The painting contractor claims that the solid-color stain contains a sufficient amount of mildewcide in the formula, and the surfaces are pressure-washed prior to each painting cycle. However, after about two years, the mildew returns with a vengeance and seems to be worse as time goes on.
My townhouse has now been painted for the third time, the last time being two years ago, and the mildew is terrible.
We are located in a suburb northwest of Philadelphia and receive the normal amount of rainfall for this region. It does not matter whether the exposure is north, south, east or west, it all seems to receive the mildew condition equally. I would appreciate any suggestions you may have in resolving this problem.
Excessive mildew is perplexing because I live in Peachtree City, GA, an area of high humidity that certainly promotes mildew, yet I do not see nearly that much of a problem here. The normal practice before repainting is to spray any mildewed surface with dilute bleach to kill all fungal organisms and then rinse with water.
After having that much problem I'd consider switching painting companies, but that may not help. The occurrence equally on all sides is not normal; the south side, which has greater sunlight exposure, usually shows far less mildew. I wonder if the siding itself can be causing the problem. Could it be that moisture is constantly trapped behind the siding? Even so, I wouldn't expect to see so much mildew.
All I can suggest is to remove a small section of the cedar and treat it with bleach or other fungicide before repainting. Be sure that water is not held behind the boards. If this treatment reduces or eliminates the mildew, it should be apparent in 10 to 18 months, at which time all siding can be refinished this way.
Blowgun's Silicone Lube Causes CratersI wanted to pass along a tip that may help others when struggling with fisheyes (craters) on painted parts. Our company is a large manufacturer of wood cabinetry, and employs around 1,700 people.
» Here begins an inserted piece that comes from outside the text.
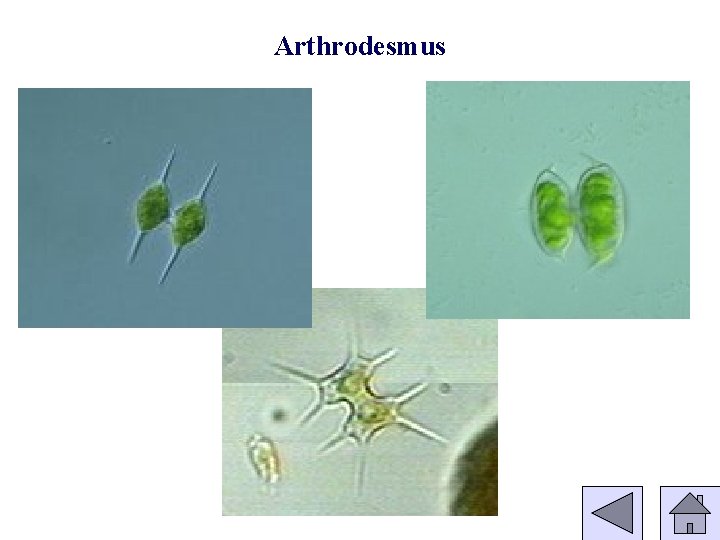 Arthrodesmus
With this many employees, it is very difficult to control the use of silicone-containing personal care items (antiperspirants, hand creams, etc.), but we make it a priority. Our policy is to send an employee home for a shower if found to be "contaminated."
A discovery was recently made that we think has contributed to fisheyes for a long time. A technician on one of our finishing lines noticed that fisheyes seemed to be coming from the use of a brand-new air gun used to blow off parts prior to topcoating. Discussion with our blowgun distributor and manufacturer showed that these popular metal air guns have a seal that is prelubricated with silicone.
Our distributor was able to supply us with a new type of gun made in Switzerland and apparently very prevalent in Europe just for this fisheye-avoidance reason. Side benefits of this OSHA-approved plastic blowgun are that it is half the weight of the metal ones, operates at a much lower noise level and does not mar the surface of our parts if accidentally lightly brushed against them. Also, the cost is competitive.
I found your information interesting and will pass it along to our readers since it is clearly genuine. The presence of silicone lube will obviously be detrimental to most finishes.
Occasionally I receive equipment or product information from a salesperson pretending to be a user. They always give the brand name and state that they found whatever item they are touting "amazingly effective and better than anything like it on the market." I noted your e-mail address, which reflects that your company is indeed involved in painting wood products. What also added considerable credence to your letter is the fact that the brand name of the blowgun was not given. The reduced risk of damage from plastic versus metal may be beneficial to a number of plants.